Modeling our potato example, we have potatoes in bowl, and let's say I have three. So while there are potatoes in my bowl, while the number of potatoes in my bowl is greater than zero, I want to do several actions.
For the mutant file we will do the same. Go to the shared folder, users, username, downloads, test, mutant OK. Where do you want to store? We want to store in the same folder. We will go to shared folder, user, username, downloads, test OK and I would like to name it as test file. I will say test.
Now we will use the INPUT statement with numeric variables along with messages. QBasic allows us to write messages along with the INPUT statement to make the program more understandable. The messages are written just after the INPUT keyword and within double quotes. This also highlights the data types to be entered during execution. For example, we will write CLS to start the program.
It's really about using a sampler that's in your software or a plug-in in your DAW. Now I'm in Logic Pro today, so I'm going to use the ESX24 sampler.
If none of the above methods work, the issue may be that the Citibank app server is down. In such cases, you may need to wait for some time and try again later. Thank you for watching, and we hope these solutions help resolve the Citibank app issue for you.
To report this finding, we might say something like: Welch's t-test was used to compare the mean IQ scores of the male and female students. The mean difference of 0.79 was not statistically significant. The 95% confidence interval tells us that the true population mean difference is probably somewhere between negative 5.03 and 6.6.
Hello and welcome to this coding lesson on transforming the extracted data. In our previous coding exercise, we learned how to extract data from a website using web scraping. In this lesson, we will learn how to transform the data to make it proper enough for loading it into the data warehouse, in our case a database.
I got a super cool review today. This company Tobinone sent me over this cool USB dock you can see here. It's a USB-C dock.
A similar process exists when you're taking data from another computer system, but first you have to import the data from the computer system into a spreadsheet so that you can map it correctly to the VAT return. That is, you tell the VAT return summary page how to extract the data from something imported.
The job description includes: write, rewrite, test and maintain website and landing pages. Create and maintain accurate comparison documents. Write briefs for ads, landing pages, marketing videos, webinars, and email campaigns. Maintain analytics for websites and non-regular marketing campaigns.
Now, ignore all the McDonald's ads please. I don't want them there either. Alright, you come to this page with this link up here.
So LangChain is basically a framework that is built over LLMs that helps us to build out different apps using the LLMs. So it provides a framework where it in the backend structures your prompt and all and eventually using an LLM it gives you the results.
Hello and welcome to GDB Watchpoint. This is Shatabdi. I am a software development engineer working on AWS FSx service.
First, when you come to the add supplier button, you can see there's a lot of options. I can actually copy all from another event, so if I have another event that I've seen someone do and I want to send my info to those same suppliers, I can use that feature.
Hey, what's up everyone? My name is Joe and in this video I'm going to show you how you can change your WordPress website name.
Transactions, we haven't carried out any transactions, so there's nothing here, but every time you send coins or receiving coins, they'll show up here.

**Task to complete:**
Once the lines above that include "name" are counted, report the number and nothing else.

**Written answer:**
2